Washington said the school began the year with 46 seniors off track and had reduced that number to eight at the time of his presentation; he later said the current count was "around 6." He described the district’s "90% plan," more frequent counselor check-ins and structured-period blocks as central to the work: "we have ... counselors and administrators meeting directly with seniors who are off track to create completion plans, and we continue to check-in with them monthly, sometimes twice a month, and now we're with them weekly," Washington said.

Why it matters: Graduation on-time rates affect students’ postsecondary opportunities and drive district accountability. Washington framed the work as a combination of classroom supports, credit-retrieval options and engagement strategies aimed at both individual seniors and earlier grades to prevent future gaps.

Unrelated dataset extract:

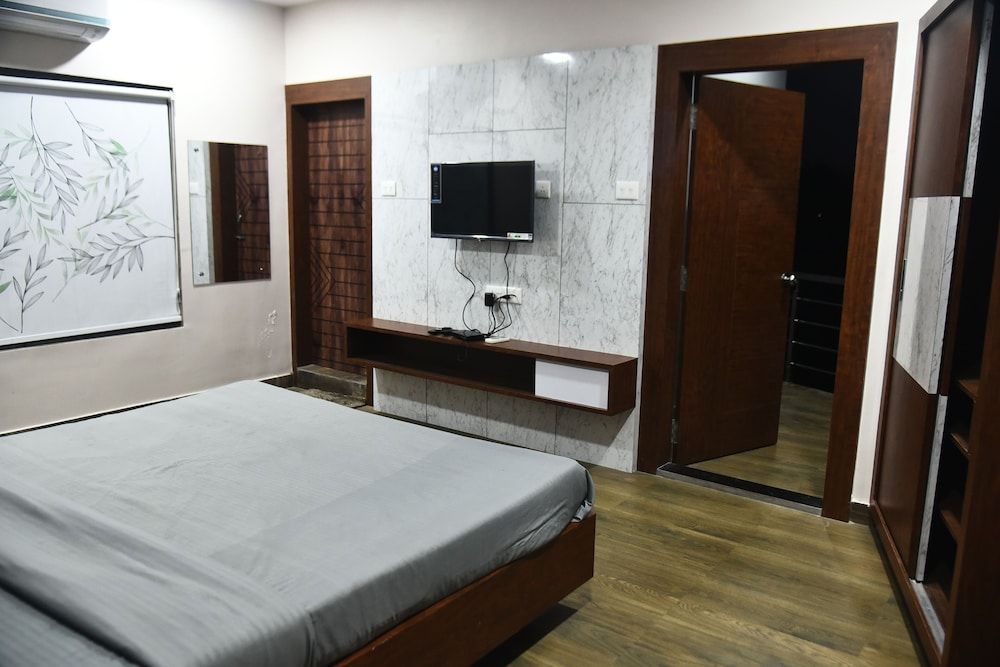 Nirmalya Grand Deluxe Room 6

Washington listed specific tactics the school has used: credit-retrieval days and interventions (including a half-day "journey to graduation" that helped some students recover credits), an on-campus adult support schedule for seniors who are off track, and monthly "e-completes" sessions providing tutoring and coursework support. He reported that math averages at the high school were about 87% and language-arts about 84%, and said some seniors are at or above 90% and on track to graduate.

Board members asked for details about who attends credit-retrieval and e-completes sessions; Washington said teachers identify students who need help and the sessions are also advertised for students to self-enroll, and that attendance at e-completes has varied by time of year ("as many as 30–31" at peak periods).

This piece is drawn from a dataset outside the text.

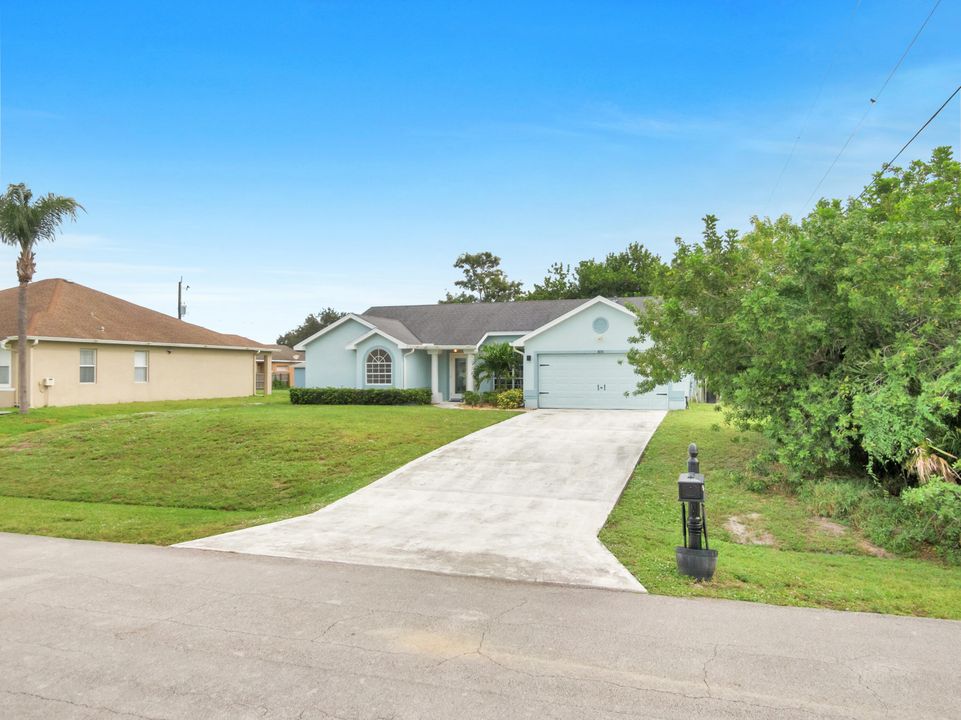 Под контрактом: $365,000 (3 спален, 2 ванн, 1639 Квадратных фут)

District context: Superintendent Overnell and board members framed the high-school interventions as part of a districtwide, "not if but when" approach to on-time graduation, citing transition work for sixth-graders and programs such as Graduation Alliance to provide alternate pathways.

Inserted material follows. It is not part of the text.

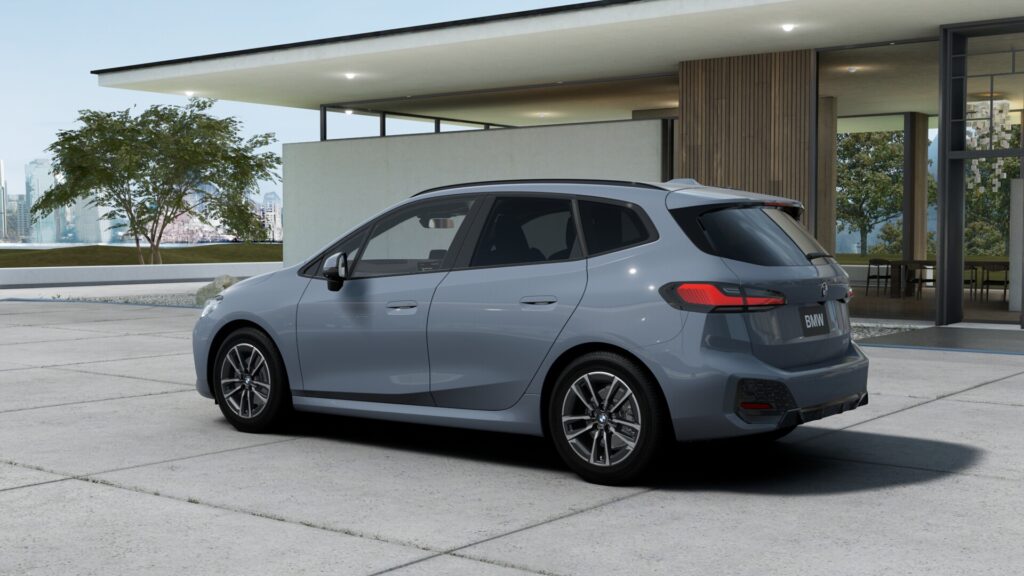220i アクティブツアラー original BMW Individual ストーム・ベイ 17インチの画像1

Platform change: CT Director Ross Short explained the district is moving to a statewide "high school and beyond" platform mandated by the state legislature to standardize student planning and transferability across districts. He said grades 7–11 are using the new platform this year, while seniors stayed on the previous system to avoid restarting their work. "The goal is to make, for equitable access across the state," Short said, adding that the platform also improves data transfer when students change districts.

What’s next: Washington said the school will continue weekly check-ins and targeted supports through the end of the school year and into next year, and the board thanked staff for the report. The principal also received recognition from the board for a recent leadership award.